# Mon 05 May 2008 04:45:39 PM EDT
# Uday Bondhugula

OVERVIEW

PLUTO is an automatic parallelization tool that is based on the 
polyhedral model. The Polyhedral model is a geometrical representation 
for programs that utilizes machinery from Linear Algebra and Linear 
Programming for analysis and high-level transformations. Pluto 
transforms C programs from source to source for coarse-grained 
parallelism and locality simultaneously. The core transformation 
framework mainly works by finding affine transformations for efficient 
tiling and fusion, but not limited to it. OpenMP parallel code for 
multicores can be automatically generated from sequential C program 
sections. Pluto currently lacks intra-tile interchange (supposed to be 
done post-transformation) for spatial locality, prefetching, etc.. This 
will be implemented in future.

This is the chain of the entire source-to-source system that polycc will  
run. 

C code --> Polyhedral extraction -->  Dependence analysis
           (clan or PET)                (ISL or candl)

-->    Pluto transformer
      (core Pluto algorithm + post transformation)

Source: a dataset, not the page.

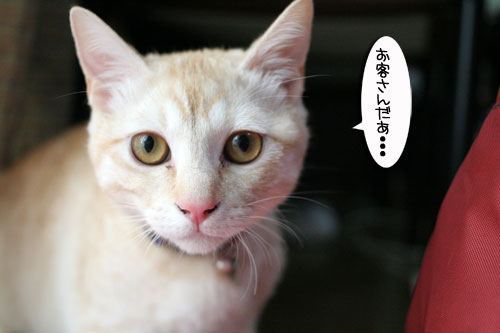 幸せなちびっ子たち_d0355333_16472435.jpg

 --> CLooG                     -->       C (with OpenMP, ivdep pragmas)
 (cloog + clast processing 
 to mark loops parallel, ivdep)


USING PLUTO

- Use '#pragma scop' and '#pragma endscop' around the section of code 
  you want to parallelize/optimize.

- Then, run 
    
    ./polycc <C source file> --parallel --tile

    The output file will be named <original prefix>.pluto.c unless '-o 
    <filename>" is supplied. When --debug is used, the .cloog used to 
    generate code is not deleted and is named similarly.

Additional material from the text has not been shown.